Beginning with the line that has "Кабель удлинительный TELECOM" in it, transcribe the listing exactly through its final line, and add nothing.

**Information provided:**

────────────────────────────────────────

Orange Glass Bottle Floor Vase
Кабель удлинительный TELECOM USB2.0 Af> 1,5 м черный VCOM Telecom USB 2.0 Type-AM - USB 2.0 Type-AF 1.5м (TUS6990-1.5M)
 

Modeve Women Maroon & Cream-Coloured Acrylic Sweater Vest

────────────────────────────────────────

**Exercise output:**
Кабель удлинительный TELECOM USB2.0 Af> 1,5 м черный VCOM Telecom USB 2.0 Type-AM - USB 2.0 Type-AF 1.5м (TUS6990-1.5M)
 

Modeve Women Maroon & Cream-Coloured Acrylic Sweater Vest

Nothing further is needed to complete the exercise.